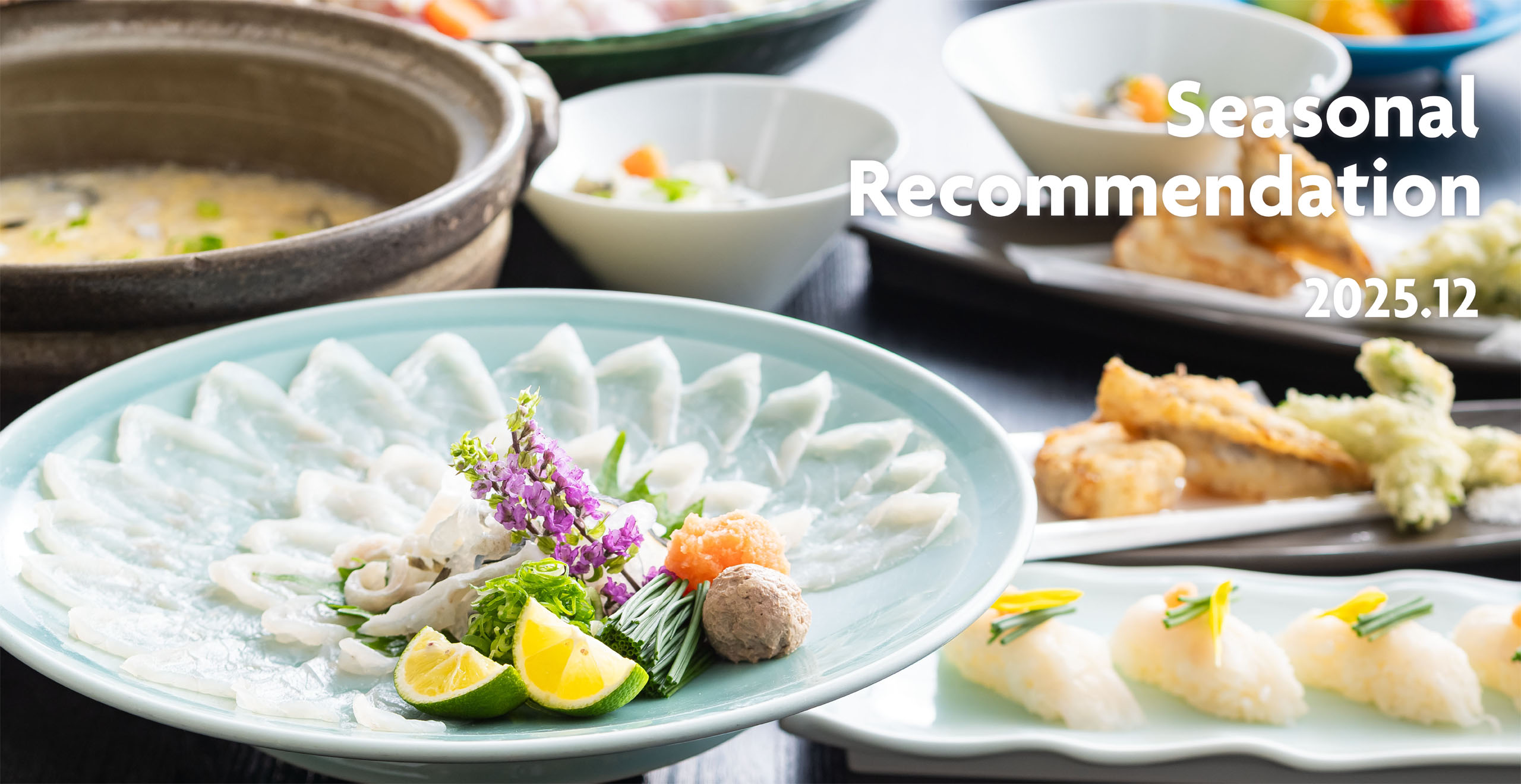レストラン季節のおすすめ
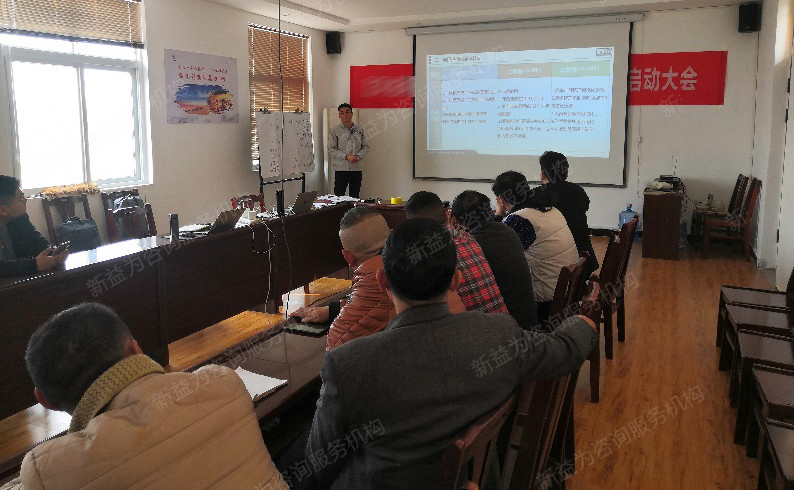 效率認知培訓 效率認知培訓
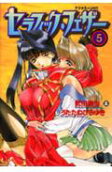 Vol. 5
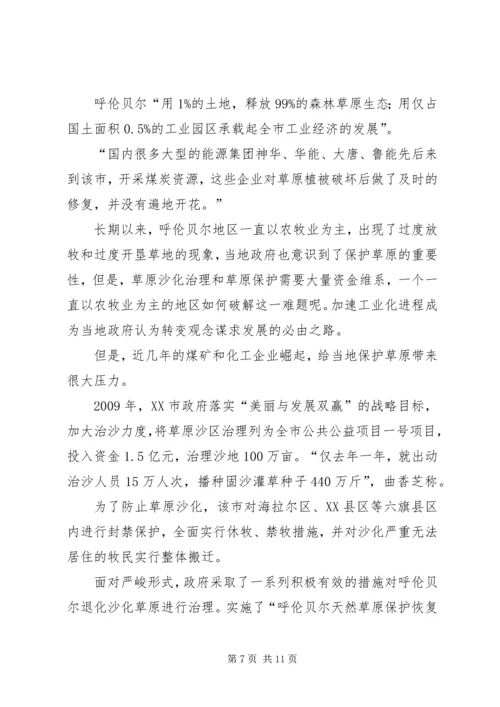 呼伦贝尔草原退化现象及原因分析报告.docx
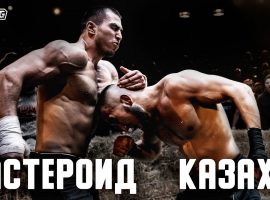 Астероид vs Казах - бой на TDFC 6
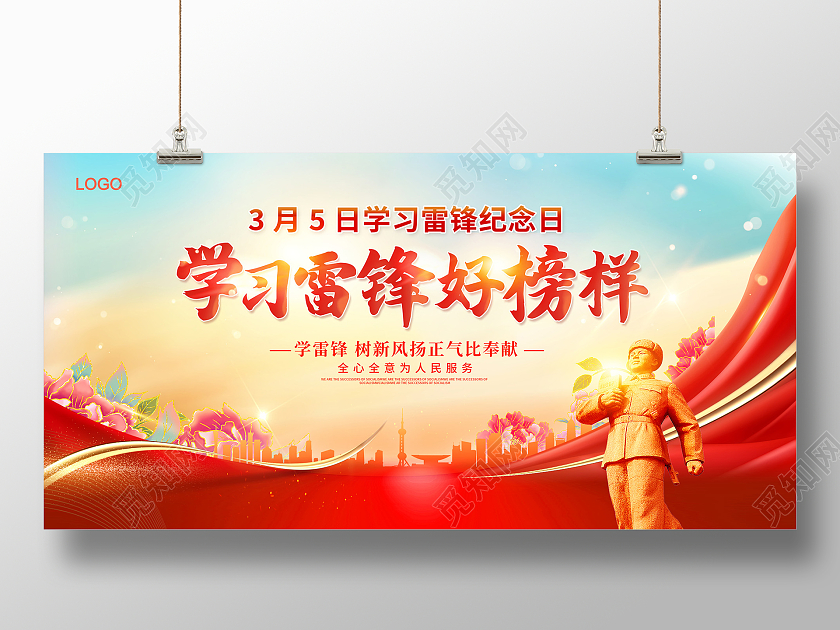 红色大气学习雷锋好榜样35雷锋纪念日宣传展板设计学雷锋日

__________________________________________________

In the copy, leave out all pictures, and retype exactly each line from the one with "呼伦贝尔草原退化现象及原因分析报告.docx" through the last line of the entries.

 呼伦贝尔草原退化现象及原因分析报告.docx
 Астероид vs Казах - бой на TDFC 6
 红色大气学习雷锋好榜样35雷锋纪念日宣传展板设计学雷锋日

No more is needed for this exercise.